UN agency withdraws Gaza international staff

Gaza: The UN agency for Palestinian refugees on Tuesday said it has evacuated international staff members out of the Gaza Strip following mounting protests by employees upset over layoffs and cutbacks. The UN Relief and Works Agency’s operations director, Matthias Schmale, said that nine international personnel occupying “non-essential jobs” were being temporarily moved to occupied Jerusalem.

UNRWA is grappling with a severe financial crisis after the US administration cut $300 million in planned 2018 funding.

The agency’s operations were largely paralysed in the impoverished and blockaded Palestinian enclave, where its schools, health care centres and food distribution offices play an important role.

UNRWA runs more than 270 schools with some 280,000 students in the strip. The agency fired 113 Gaza staff on its emergency programme and turned hundreds of positions into part-time jobs, triggering a series of protests and strikes.
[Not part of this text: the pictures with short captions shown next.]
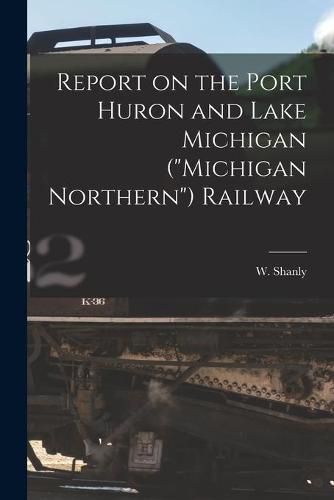 Cover image for Report on the Port Huron and Lake Michigan (Michigan Northern) Railway [microform]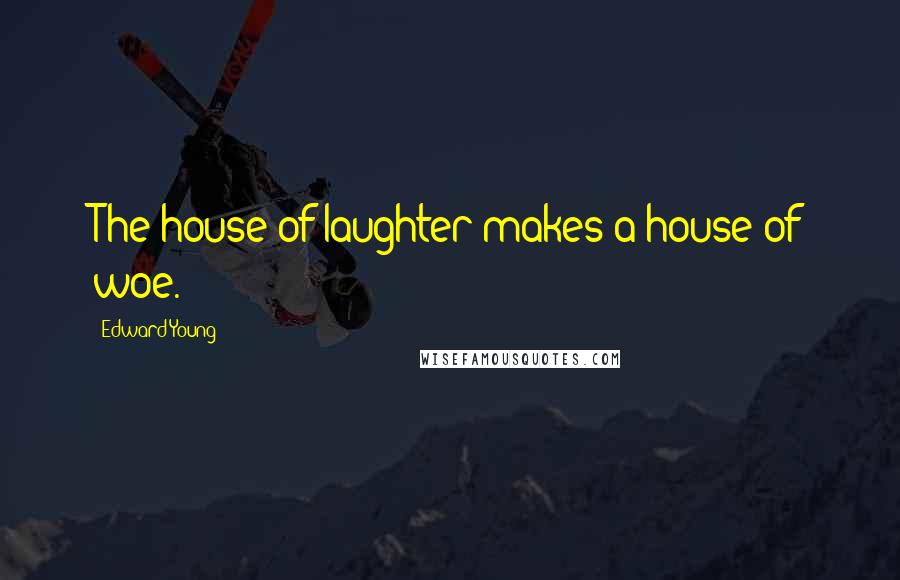 Edward Young Quotes: The house of laughter makes a house of woe.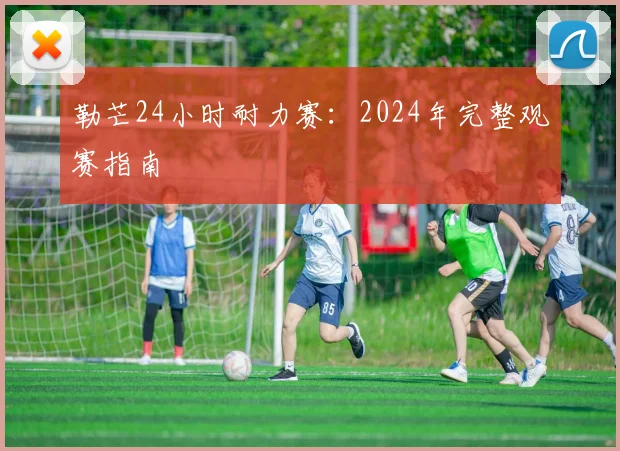 勒芒24小时耐力赛:2024年完整观赛指南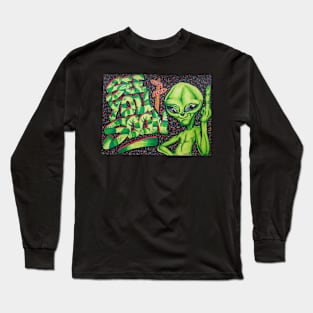 See You Soon Alien Long Sleeve T-Shirt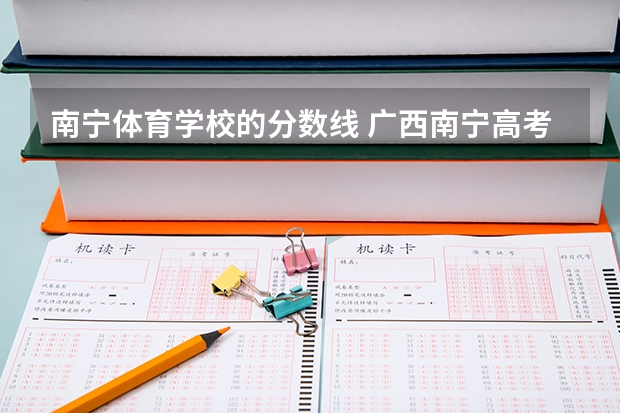 南宁体育学校的分数线 广西南宁高考分数线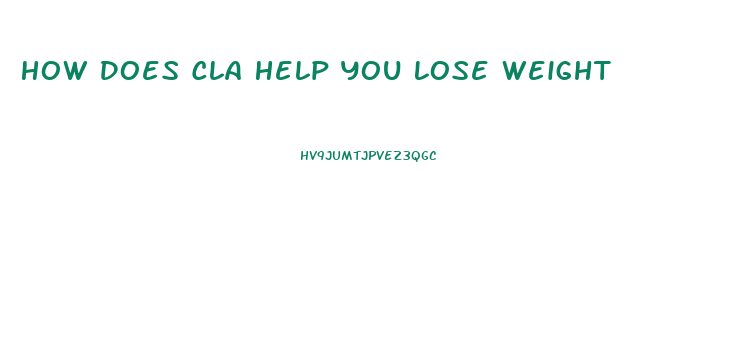 How Does Cla Help You Lose Weight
Even before the strike, laid-off employees had been preventing international and local staff from accessing UNRWA’s headquarters in Gaza City.
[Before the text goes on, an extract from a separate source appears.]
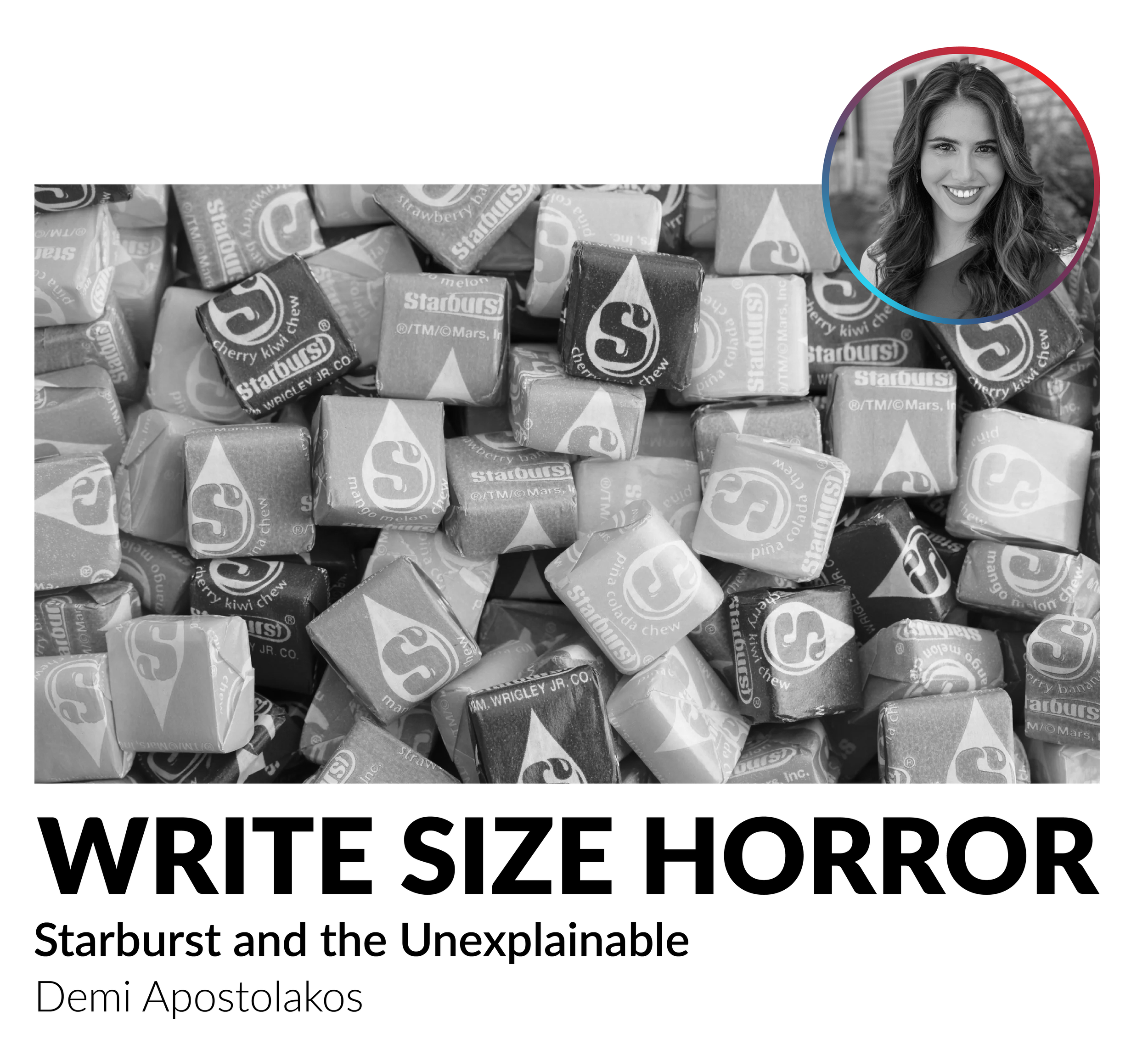Write Size Horror: Starburst and The Unexplainable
A source with knowledge of the situation said six foreign staffers remained out of the 19 who are usually present.

Amir Al Mashal, head of the UNRWA employees union in Gaza, pledged “an intensification of union actions” in the coming weeks.

Adnan Abu Hasna, an UNRWA spokesman in Gaza, called on the union to “return to the negotiating table immediately.”

A Hamas official said on condition of anonymity yesterday that “no harm has been done to any Arab or foreign staff,” while adding that the Islamist movement supports the employees’ demands.

“The agency’s crisis has been invented for political reasons,” he said. “No one can take way refugees’ right of return.”

Gaza’s economy has been ravaged by a blockade imposed by the Israeli occupation regime following the Hamas’s takeover of the territory in 2007. Jobs are extremely hard to come by, with the unemployment rate now over 50 per cent, according to the World Bank.

Schmale, who remains in Gaza, said the management “can’t function properly” under the conditions.

UNRWA was established seven decades ago to provide services to 700,000 Palestinians who fled or were forced from their homes in the 1948 war surrounding Israel’s creation.

Today, it serves 5 million refugees and their descendants, including 1.3 million in Gaza alone.

Created in 1949, UNRWA supplies aid to more than three million of the five million eligible Palestinian refugees in Jordan, Lebanon, Syria and the Palestinian territories.

Around 13,000 people work for UNRWA in Gaza, where more than two-thirds of the roughly two million residents are eligible for aid.

Israel and Palestinian militants in Gaza have fought three wars since 2008.